These provisions align Nigeria with international norms for investor protection and criminal enforcement, a critical step toward building confidence in the market, especially among institutional participants who demand enforceable legal protections.
5. Modernising Capital Market Structure
ISA 2025 also modernises how exchanges are structured and classified:
- It introduces composite and non-composite exchanges, allowing specialised platforms (including digital asset exchanges) to operate within well-defined regulatory categories;
- It imposes governance, transparency, and oversight requirements on all licensed exchanges;
- It establishes clear criteria for registration, operation, and supervision of market infrastructure.
These innovations permit greater market segmentation and innovation, allowing Nigeria to host both broad securities platforms and niche digital-asset venues under a harmonised legal framework.
6. Signalling Regulatory Maturity and Alignment with Global Standards
One of the most strategic effects of ISA 2025 is how it positions Nigeria within the global regulatory ecosystem.
By expanding SEC’s authority and aligning its powers with international norms, including categorising digital assets as securities and imposing robust investor protections, Nigeria reinforces its commitment to global standards such as those advocated by the International Organisation of Securities Commissions (IOSCO).
This is significant because African crypto markets are often fragmented in regulatory approach, ranging from permissive to uncertain to contradictory. Nigeria now occupies a leadership position, signalling to global exchanges, custodians, fintech innovators, and institutional investors that it has a stable, statutory, and internationally aligned regulatory regime.
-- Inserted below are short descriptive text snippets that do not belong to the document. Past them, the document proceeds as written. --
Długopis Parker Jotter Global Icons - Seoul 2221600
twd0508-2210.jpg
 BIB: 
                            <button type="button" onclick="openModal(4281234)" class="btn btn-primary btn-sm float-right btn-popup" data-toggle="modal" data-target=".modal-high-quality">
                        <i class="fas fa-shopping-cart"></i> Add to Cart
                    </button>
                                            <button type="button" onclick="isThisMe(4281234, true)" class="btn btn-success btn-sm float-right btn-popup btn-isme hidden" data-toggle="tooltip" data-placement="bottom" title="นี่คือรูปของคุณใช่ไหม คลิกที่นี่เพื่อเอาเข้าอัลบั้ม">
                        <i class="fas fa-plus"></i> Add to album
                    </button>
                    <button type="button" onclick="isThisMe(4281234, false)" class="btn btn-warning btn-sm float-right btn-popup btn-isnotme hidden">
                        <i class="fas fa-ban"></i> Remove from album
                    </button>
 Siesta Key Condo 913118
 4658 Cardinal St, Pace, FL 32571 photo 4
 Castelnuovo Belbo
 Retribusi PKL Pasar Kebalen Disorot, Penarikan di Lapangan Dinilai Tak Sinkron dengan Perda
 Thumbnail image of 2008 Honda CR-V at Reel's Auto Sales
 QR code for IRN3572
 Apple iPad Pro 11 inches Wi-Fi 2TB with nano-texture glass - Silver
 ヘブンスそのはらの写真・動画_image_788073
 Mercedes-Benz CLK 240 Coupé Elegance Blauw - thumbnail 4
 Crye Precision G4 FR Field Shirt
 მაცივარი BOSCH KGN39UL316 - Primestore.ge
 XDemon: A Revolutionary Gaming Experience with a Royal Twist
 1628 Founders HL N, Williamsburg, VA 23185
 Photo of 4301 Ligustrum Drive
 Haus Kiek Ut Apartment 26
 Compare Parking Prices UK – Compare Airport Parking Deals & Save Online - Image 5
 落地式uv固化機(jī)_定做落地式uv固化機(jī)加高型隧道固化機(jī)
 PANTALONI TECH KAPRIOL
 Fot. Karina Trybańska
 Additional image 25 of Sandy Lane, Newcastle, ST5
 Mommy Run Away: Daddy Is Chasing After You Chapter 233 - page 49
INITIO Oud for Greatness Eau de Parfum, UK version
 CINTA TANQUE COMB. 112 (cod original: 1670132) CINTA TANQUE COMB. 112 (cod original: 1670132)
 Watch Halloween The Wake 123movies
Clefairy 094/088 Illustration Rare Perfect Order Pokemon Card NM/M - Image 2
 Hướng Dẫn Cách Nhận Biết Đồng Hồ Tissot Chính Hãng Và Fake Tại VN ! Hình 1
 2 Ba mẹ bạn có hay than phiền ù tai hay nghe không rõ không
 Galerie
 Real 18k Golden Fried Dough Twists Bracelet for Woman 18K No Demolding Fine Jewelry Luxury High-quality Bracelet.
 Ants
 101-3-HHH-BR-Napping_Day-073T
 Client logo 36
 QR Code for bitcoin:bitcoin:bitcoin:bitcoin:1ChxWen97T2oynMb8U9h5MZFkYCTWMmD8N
7. Creating a Blueprint Regionally
ISA 2025’s approach offers a practicable regulatory blueprint for other African countries contemplating crypto regulation. Its features, statutory coverage, investor protection mechanisms, modern capital market infrastructure, and clear licensing and supervisory powers, can feasibly be adapted regionally within economic communities such as ECOWAS, SADC, EAC, and the African Continental Free Trade Area (AfCFTA) framework.
Nigeria’s path demonstrates that it is possible to:
- Recognise digital assets within securities law;
- Regulate crypto exchanges and VASPs like market infrastructure;
- Combine investor protection with innovation support;
- And maintain enforceable compliance mechanisms.
For countries that previously hesitated or issued fragmented guidance, Nigeria’s statutory model may act as a template, potentially influencing regulatory harmonisation efforts across African markets.
8. Encouraging Innovation Without Compromising Oversight
A common concern among policymakers is that clear regulation stifles innovation. Nigeria’s experience suggests the opposite.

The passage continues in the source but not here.